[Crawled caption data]

Start of Block

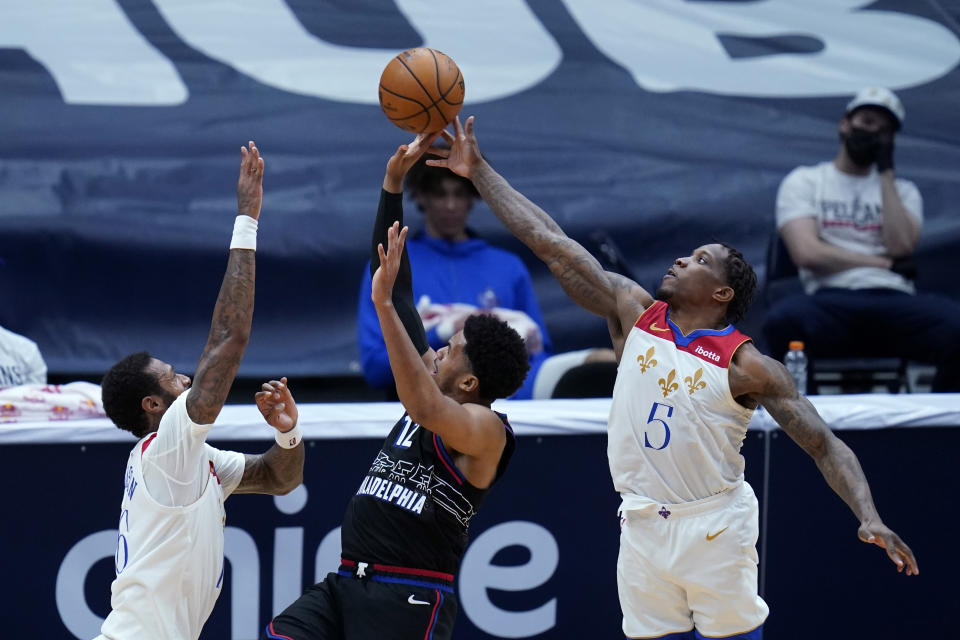 Philadelphia 76ers forward Mike Scott (12) shoots between New Orleans Pelicans guard Eric Bledsoe (5) and forward James Johnson in the second half of an NBA basketball game in New Orleans, Friday, April 9, 2021. (AP Photo/Gerald Herbert)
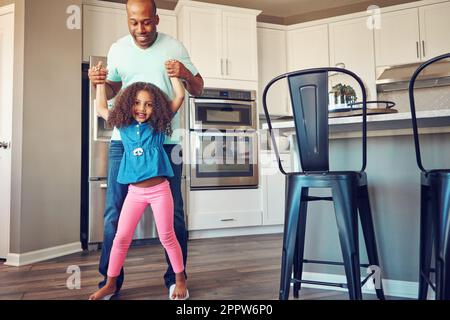 Zuhause ist der Ort, an dem der Spaß stattfindet. Ein glückliches kleines Mädchen, das auf den Füßen ihres Vaters balanciert, während sie zusammen in der Küche herumlaufen. Stockfoto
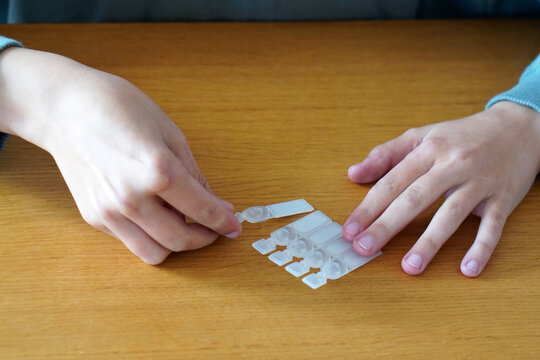 Medication in adolescence. A teenager opening a vial of eye drops for their irritated eyes.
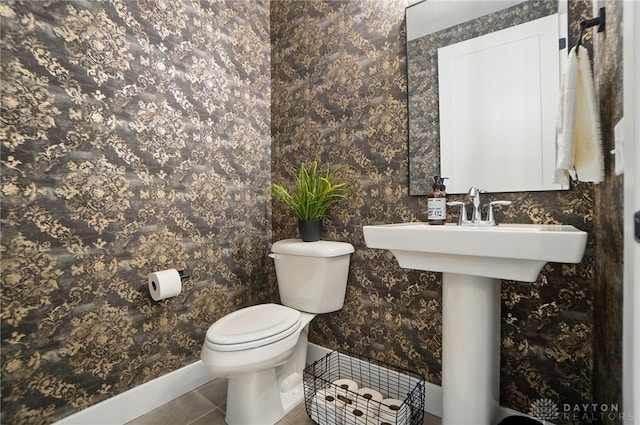 9917 Rothschild Ct, Clearcreek Twp, OH 45458 - half bathroom featuring toilet, tile patterned floors, and baseboards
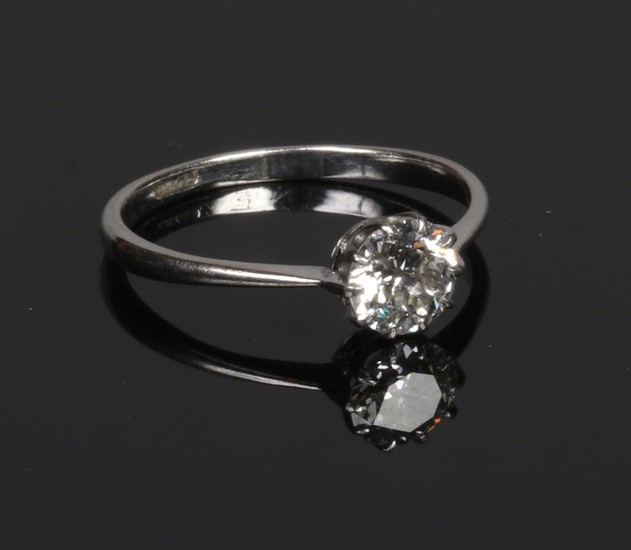 An 18 carat white gold solitaire diamond ring, old European ...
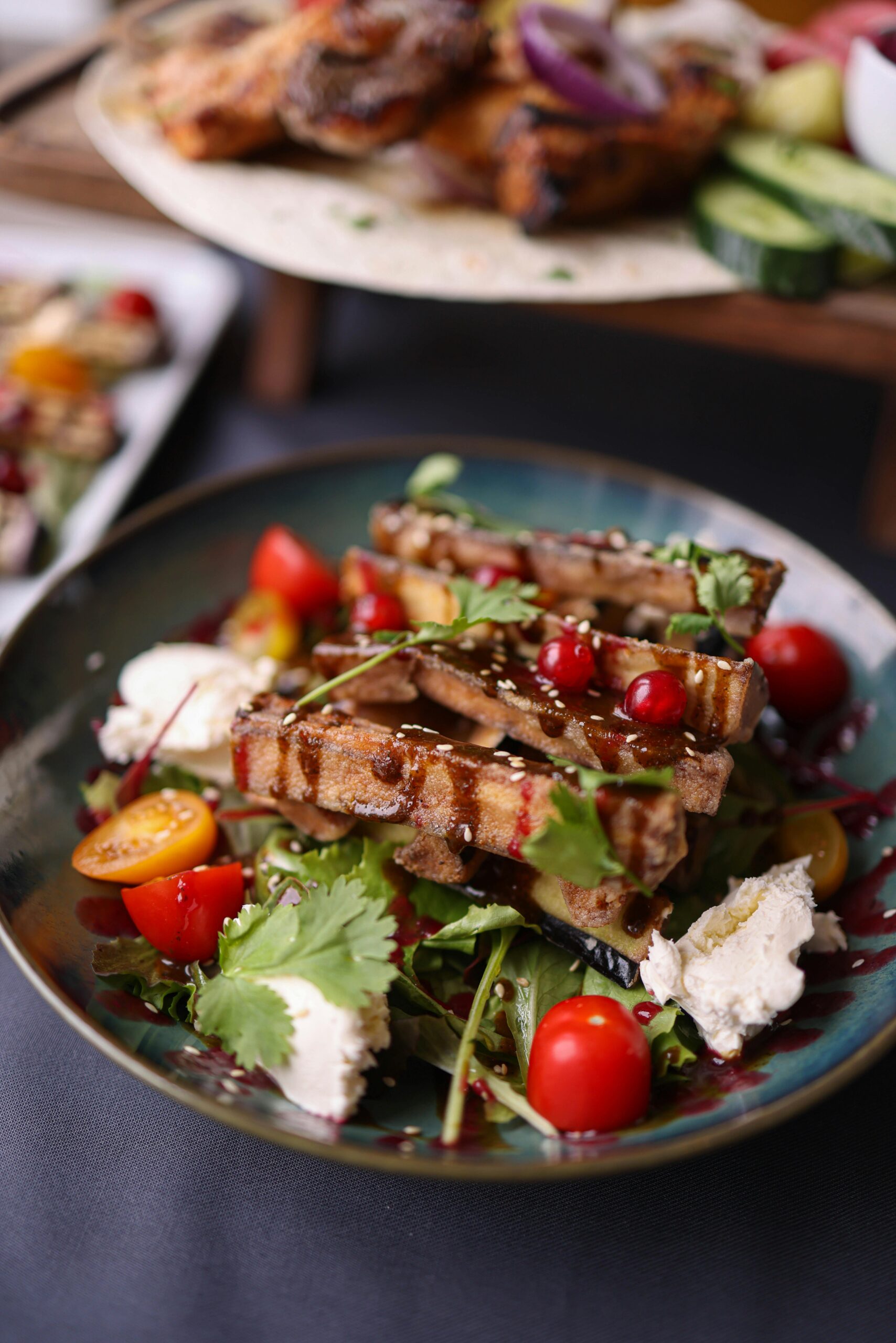 A plate of food with tomatoes, cheese and salad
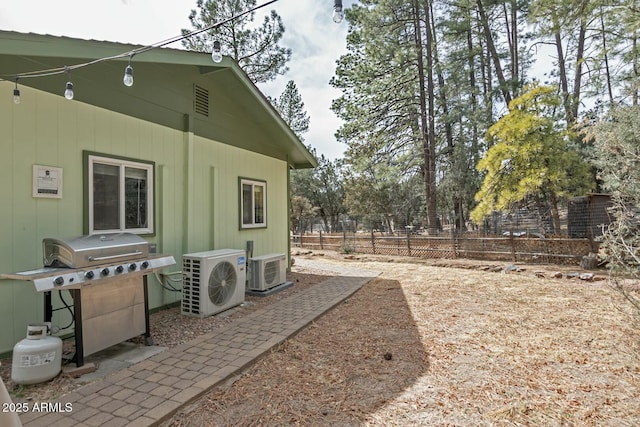 exterior space featuring ac unit and fence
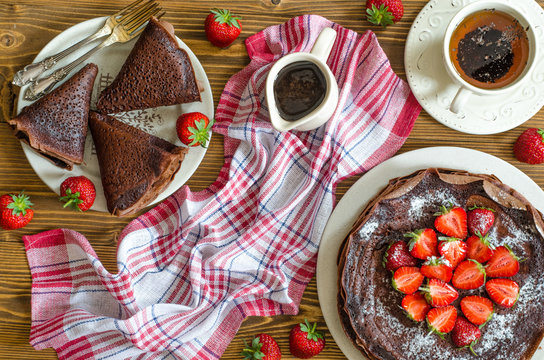 Chocolate pancakes with sauce and strawberries for breakfast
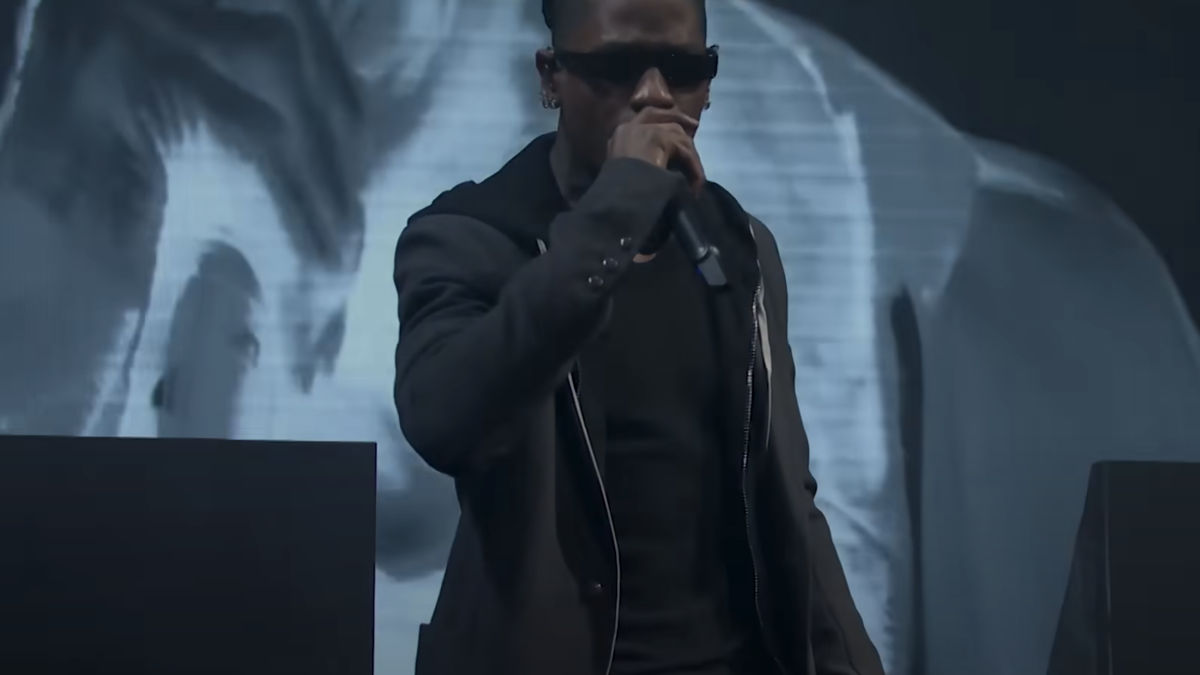 Music artist performing on stage with microphone and graphic backdrop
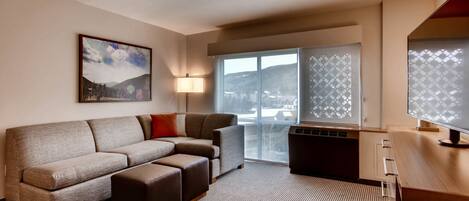 Une chambre d’hôtel moderne avec un canapé gris, un petit pouf, un bureau avec un ordinateur, une lampe et une grande fenêtre donnant sur les montagnes.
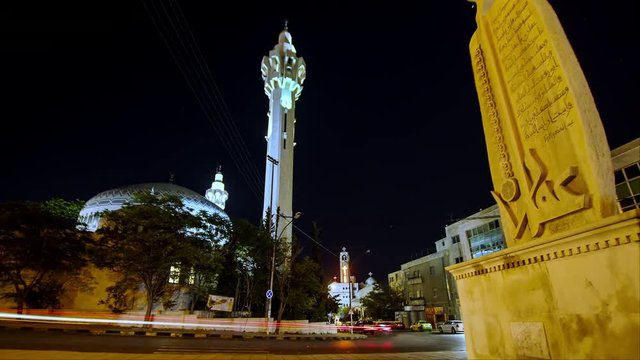 King Abullah the 1st Mosque in center Amman, Masjed Al Malek Abdullah. Jordan. Wide shot dolly right, Hyperlapse with movement at night for Mosque and church. 4K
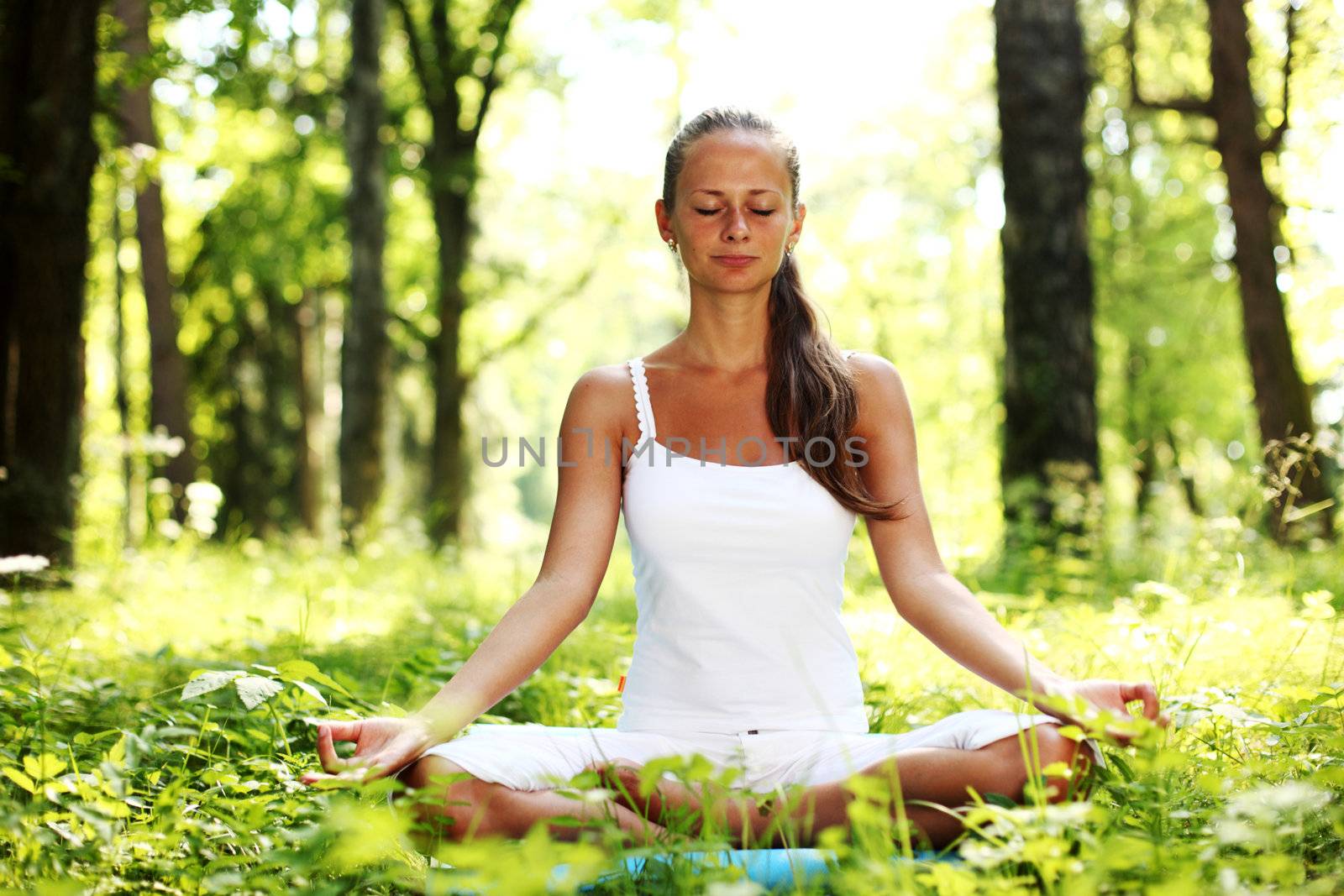 yoga woman on green grass in forest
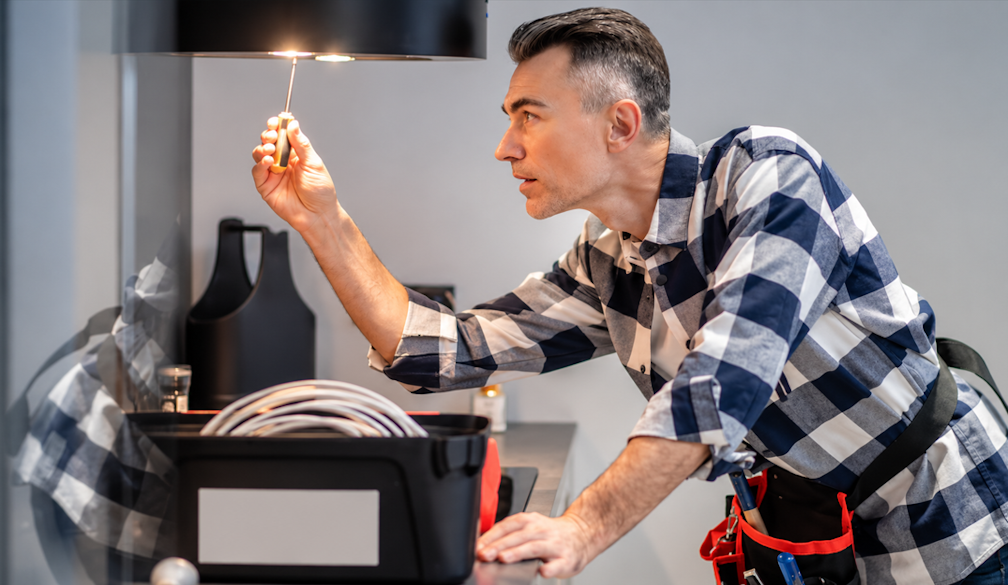 Focused Handyman Adjusting Pendant Light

End of Block

> _WORK INSTRUCTIONS_
Give the records again exactly as they stand, so that only the pictures are missing.

> _SOLUTION TO THE EXERCISE_
 Philadelphia 76ers forward Mike Scott (12) shoots between New Orleans Pelicans guard Eric Bledsoe (5) and forward James Johnson in the second half of an NBA basketball game in New Orleans, Friday, April 9, 2021. (AP Photo/Gerald Herbert)
 Zuhause ist der Ort, an dem der Spaß stattfindet. Ein glückliches kleines Mädchen, das auf den Füßen ihres Vaters balanciert, während sie zusammen in der Küche herumlaufen. Stockfoto
 Medication in adolescence. A teenager opening a vial of eye drops for their irritated eyes.
 9917 Rothschild Ct, Clearcreek Twp, OH 45458 - half bathroom featuring toilet, tile patterned floors, and baseboards
 An 18 carat white gold solitaire diamond ring, old European ...
 A plate of food with tomatoes, cheese and salad
 exterior space featuring ac unit and fence
 Chocolate pancakes with sauce and strawberries for breakfast
 Music artist performing on stage with microphone and graphic backdrop
 Une chambre d’hôtel moderne avec un canapé gris, un petit pouf, un bureau avec un ordinateur, une lampe et une grande fenêtre donnant sur les montagnes.
 King Abullah the 1st Mosque in center Amman, Masjed Al Malek Abdullah. Jordan. Wide shot dolly right, Hyperlapse with movement at night for Mosque and church. 4K
 yoga woman on green grass in forest
 Focused Handyman Adjusting Pendant Light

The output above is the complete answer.